Tania Álvarez

Personal information
- Born: 4 October 1994 (age 31)

Sport
- Country: Spain
- Sport: Canoe marathon
- Event: K-1, K-2

Medal record
Representing Spain
Women's canoe marathon
World Championships
| Gold medal – first place | 2022 Ponte de Lima | K-2 |
| Gold medal – first place | 2025 Győr | K-2 |
| Silver medal – second place | 2019 Shaoxing | K-2 |
| Silver medal – second place | 2021 Pitești | K-2 |
| Silver medal – second place | 2023 Vejen | K-2 |
| Bronze medal – third place | 2018 Vila Verde | K-2 |
European Championships
| Silver medal – second place | 2019 Decize | K-2 |
| Silver medal – second place | 2024 Poznań | K-1 |
| Bronze medal – third place | 2023 Slavonski Brod | K-2 |

= Tania Álvarez =

Spanish canoeist (born 1994)

Tania Alvarez (born 4 October 1994) is a Spanish marathon canoeist.

==Career==
Fernández competed at the 2022 ICF Canoe Marathon World Championships and won a gold medal in the K-2 event with a time of 1:58:09.56, along with Tania Fernández.

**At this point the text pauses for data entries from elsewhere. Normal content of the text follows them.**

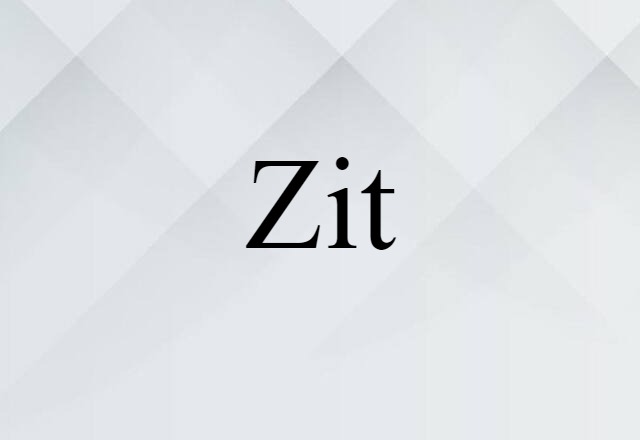 Zit (noun) Definition, Meaning & Examples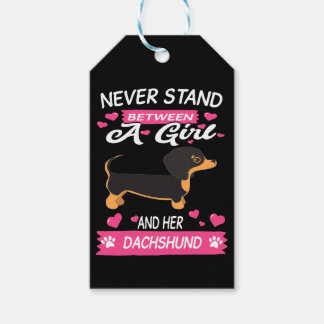 3 Never Stand Between A Girl And Her Dachshund Gift Tags
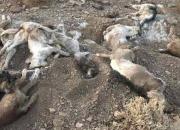 کشف لاشه سوخته ۱۵ قلاده سگ در شاهدشهر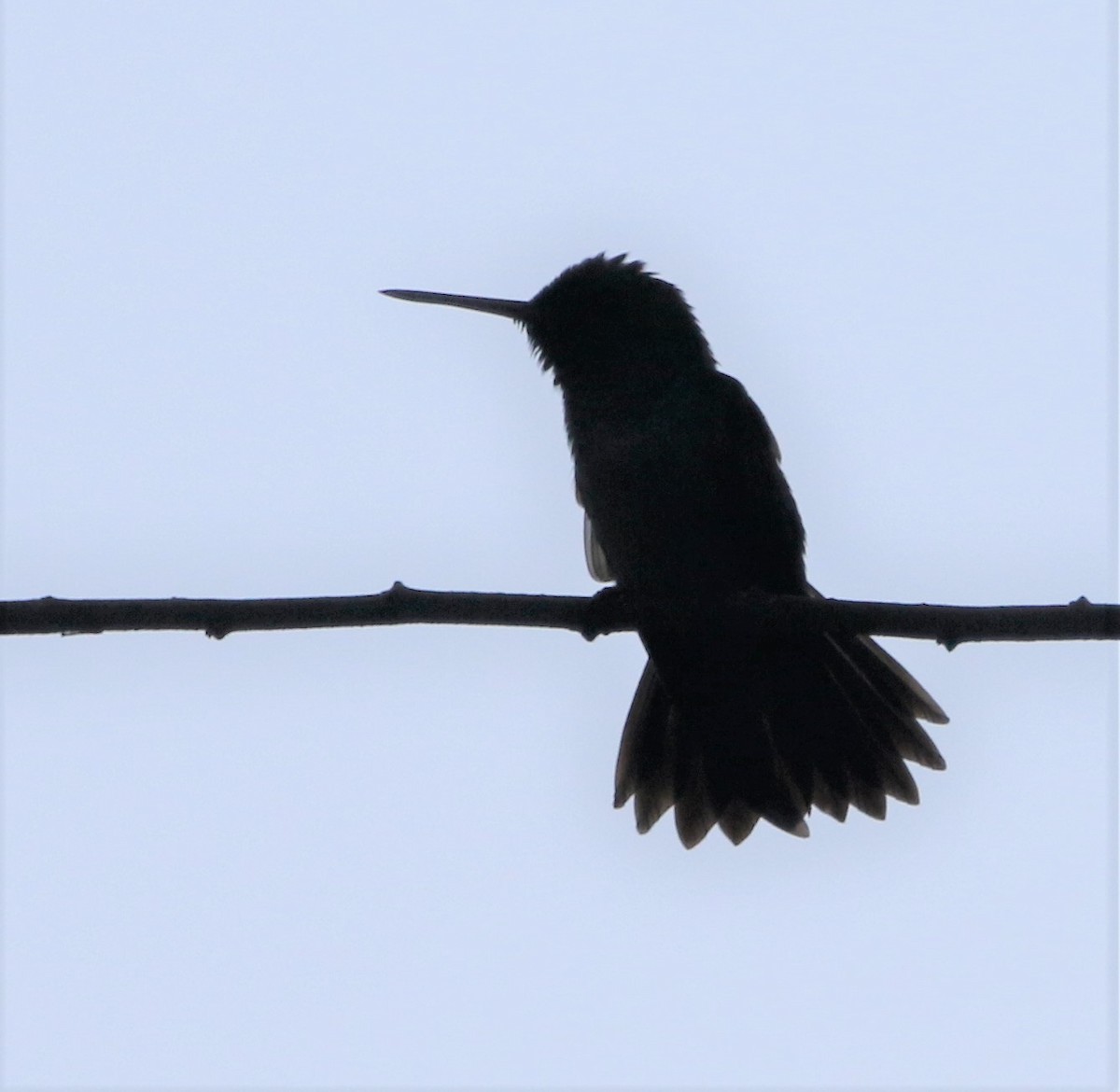 kolibřík modroprsý - ML531398661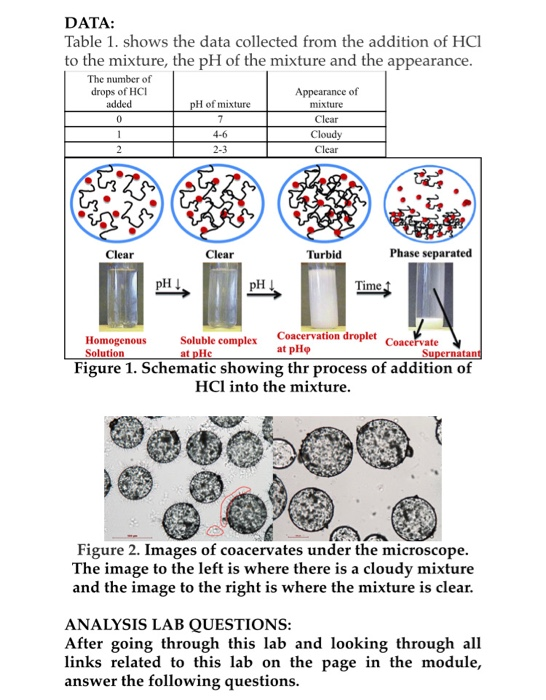 Solved ANALYSIS LAB QUESTIONS: After going through this lab | Chegg.com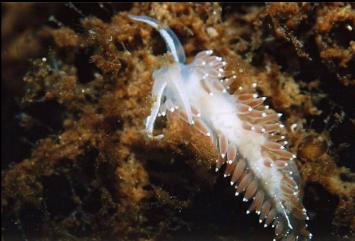 NUDIBRANCH IN SHALLOWS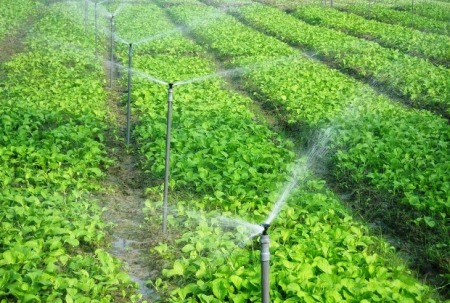 Thiết bị tưới phun mưa trên diện tích vuông cho cây trồng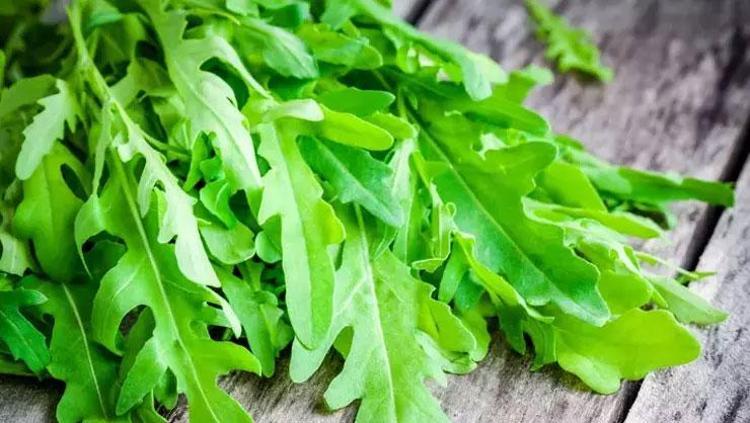 ALERJİK REAKSİYONLAR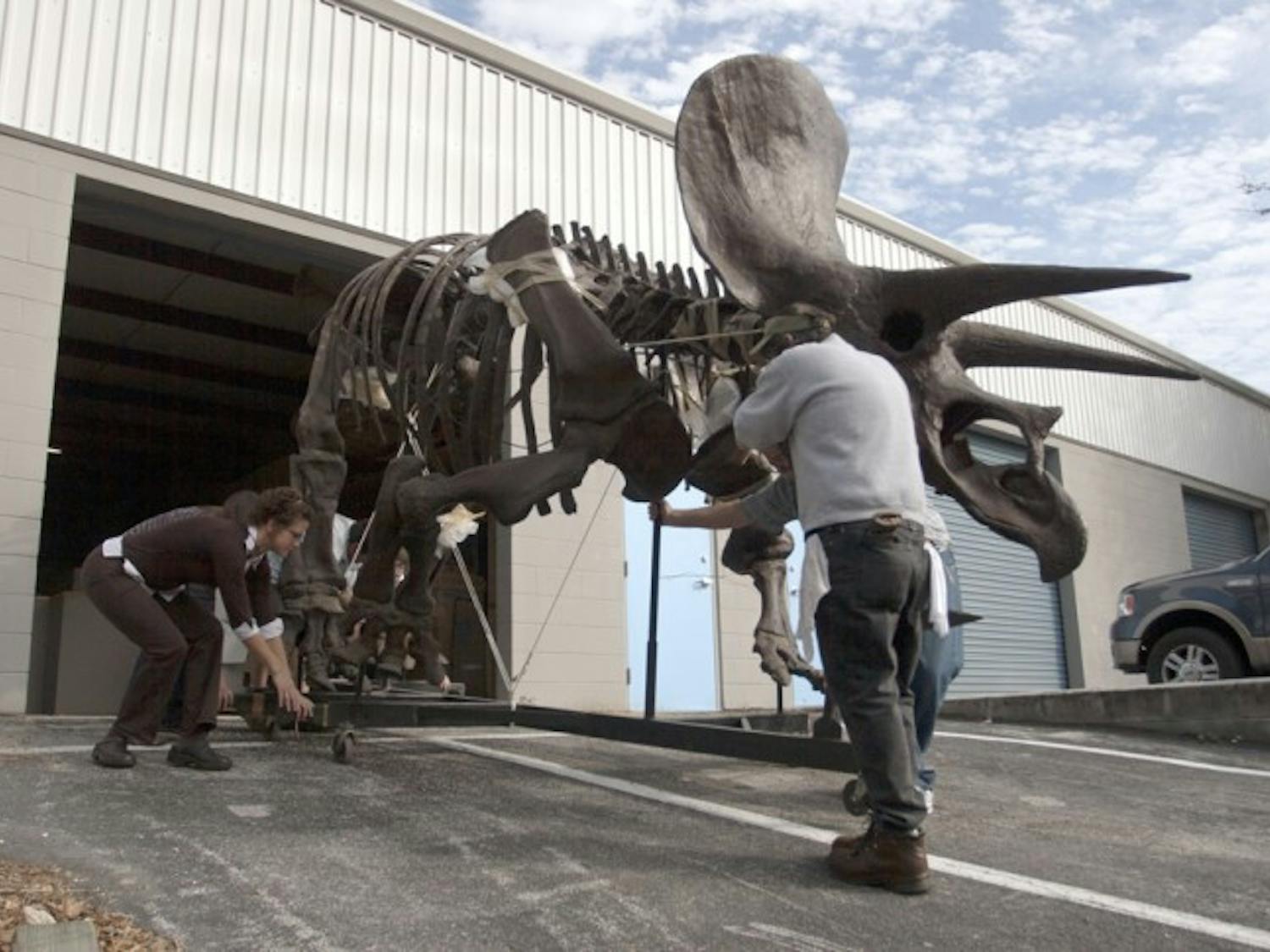 A triceratops skeleton cast is transported from storage onto a flatbed truck to be taken to the Florida Museum of Natural History on Monday. The dinosaur model will join 29 fossils, 19 color prints and five murals in the museum's new "Cruisin' the Fossil Freeway" exhibit.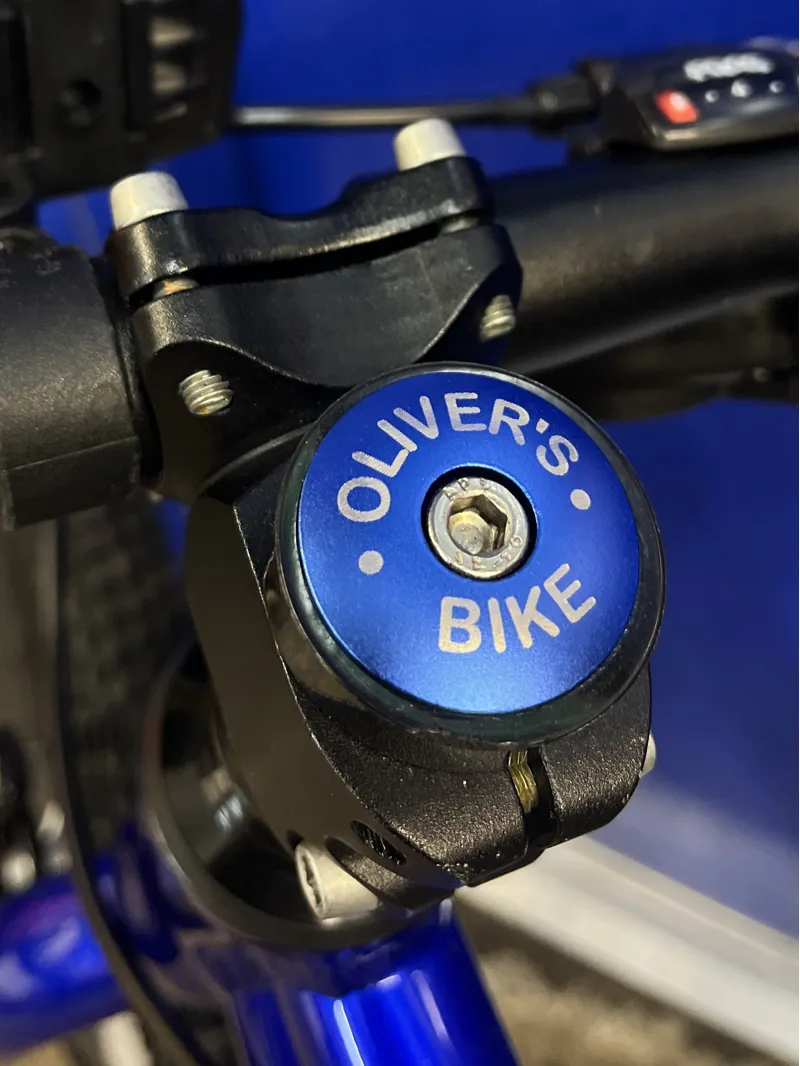 Personalised Stem Cap - If Found in Blue-1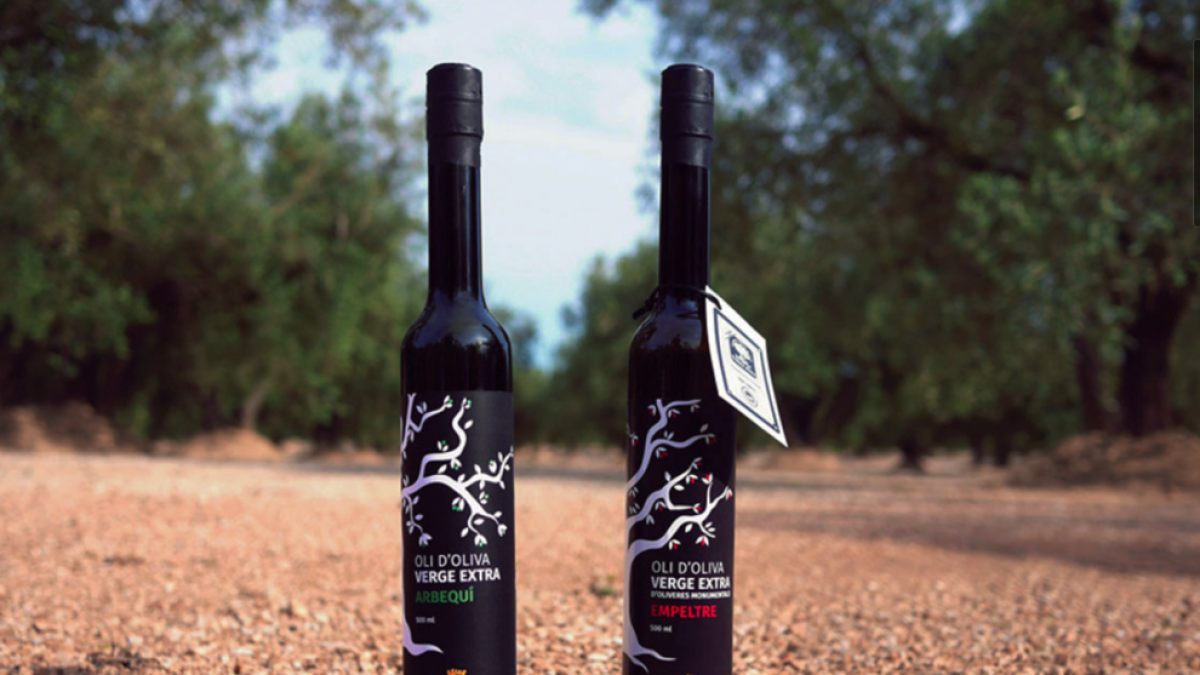 Un aceite de empeltre de la DOP Terra Alta recibe la medalla de plata de los premios internacionales de Japón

She competed at the 2023 ICF Canoe Marathon World Championships and won a silver medal in the K-2 event with a time 1:53:32.00, finishing 0.43 seconds behind the gold medal-winning Hungarians. In September 2025, she competed at the 2025 ICF Canoe Marathon World Championships and won a gold medal in the K-2 event with a time of 1:51:26.22.